Meanwhile: They're not just rats with wings

Published: August 31, 2007

A month after the collapse of the highway span across the Mississippi River in Minneapolis that killed a dozen people, experts are investigating whether pigeon dung accelerated the bridge's demise.

I find it difficult to imagine bird dung being responsible for the catastrophic failure of a major American interstate highway bridge, but the humble pigeon makes for a convenient scapegoat, and news of the corrosive poop has raced across the United States and made headlines from England to India and Australia. Few seemingly took the time to analyze the claim and put it into context.

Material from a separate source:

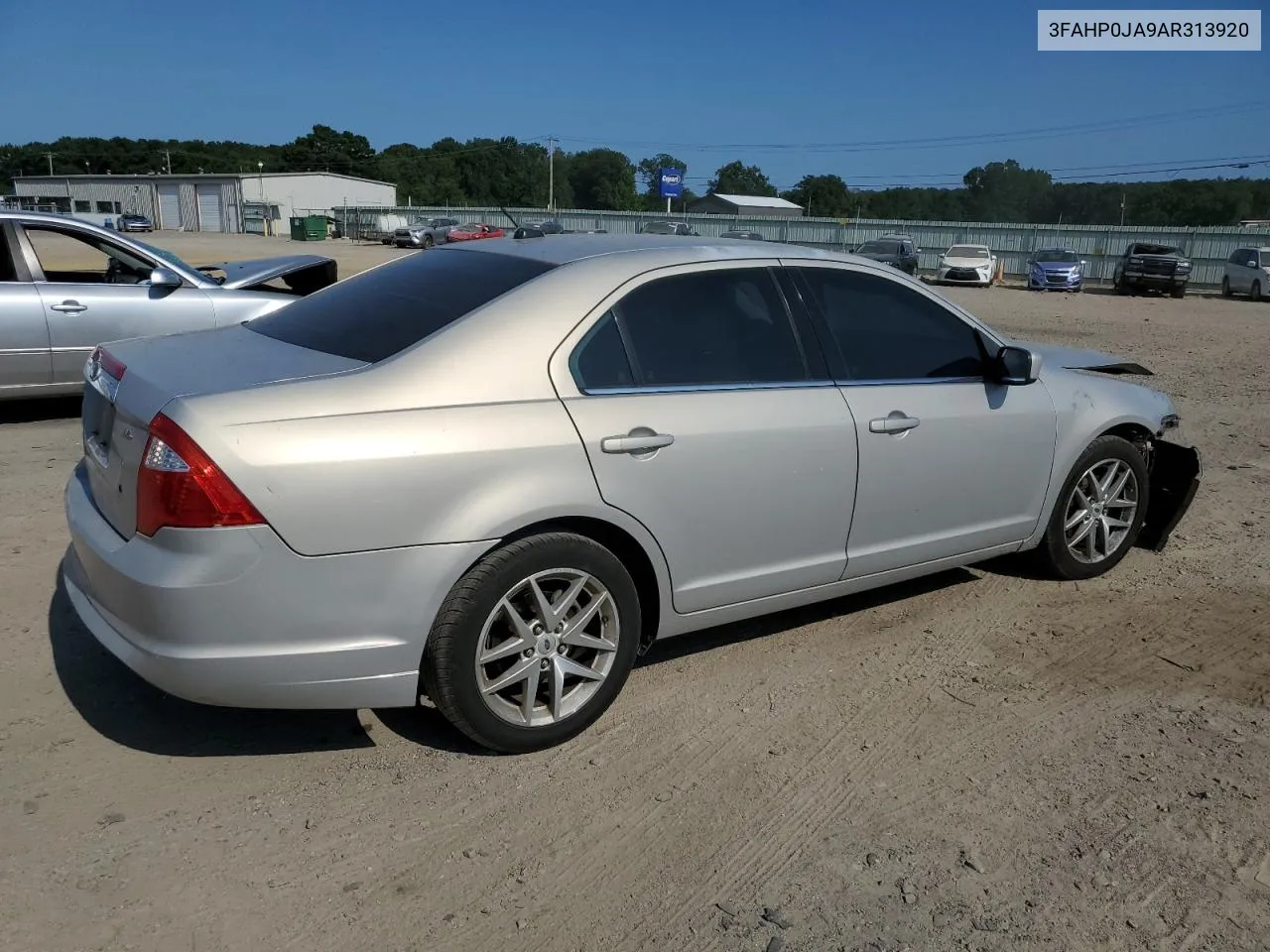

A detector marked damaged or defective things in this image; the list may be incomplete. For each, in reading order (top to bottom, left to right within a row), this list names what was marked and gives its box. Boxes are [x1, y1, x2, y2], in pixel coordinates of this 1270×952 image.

damaged front fender [1143, 438, 1199, 550]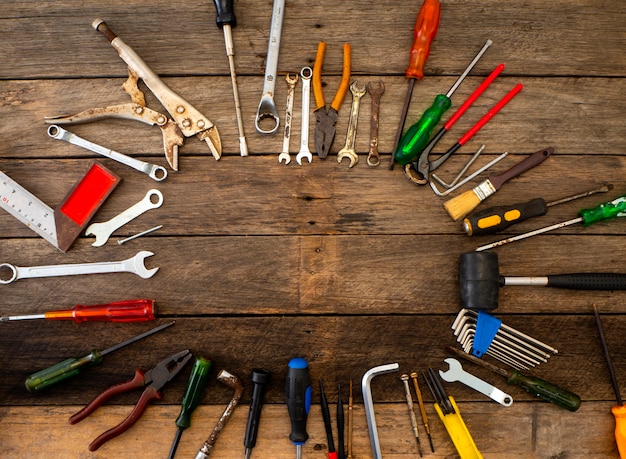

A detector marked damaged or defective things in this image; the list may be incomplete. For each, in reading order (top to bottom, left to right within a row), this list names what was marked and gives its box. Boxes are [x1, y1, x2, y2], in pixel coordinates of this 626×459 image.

Yes, pigeon dung contains ammonia, is acidic, and can cause steel to rust. But I suspect the bridge's obsolete design, lack of redundant support structures, heavy use, and spotty maintenance might have had something to do with its collapse. After all, if a buildup of pigeon dung is all it takes to dismantle America's transportation infrastructure, then we're in for a world of trouble.

The bird that is derided as a rat with wings, a dispenser of deadly diseases and a general pox on urban landscapes now has another accusation to add to its charge sheet: transportation menace.

After decades of vilification, the rock dove has achieved almost cult-status as the proverbial ne'er-do-well. But the charges are usually false. Pigeons carry no more diseases than you or I, and they seem to be highly resistant, if not immune to West Nile Virus and the Avian Flu. But facts play a small role when it comes to slandering this feathered outlaw.

It's a steep nosedive for a humble creature that has served us loyally for nearly 10,000 years. In Mesopotamia, pigeons were worshiped as fertility goddesses. It was a pigeon that brought word of the first Olympics in 776 B.C., and word of Napoleon's defeat at Waterloo 2,500 years later. Although finches generally get the credit, Darwin actually used pigeons to prove his theory of Evolution, and Julius Reuters started his news-gathering empire literally upon their wings.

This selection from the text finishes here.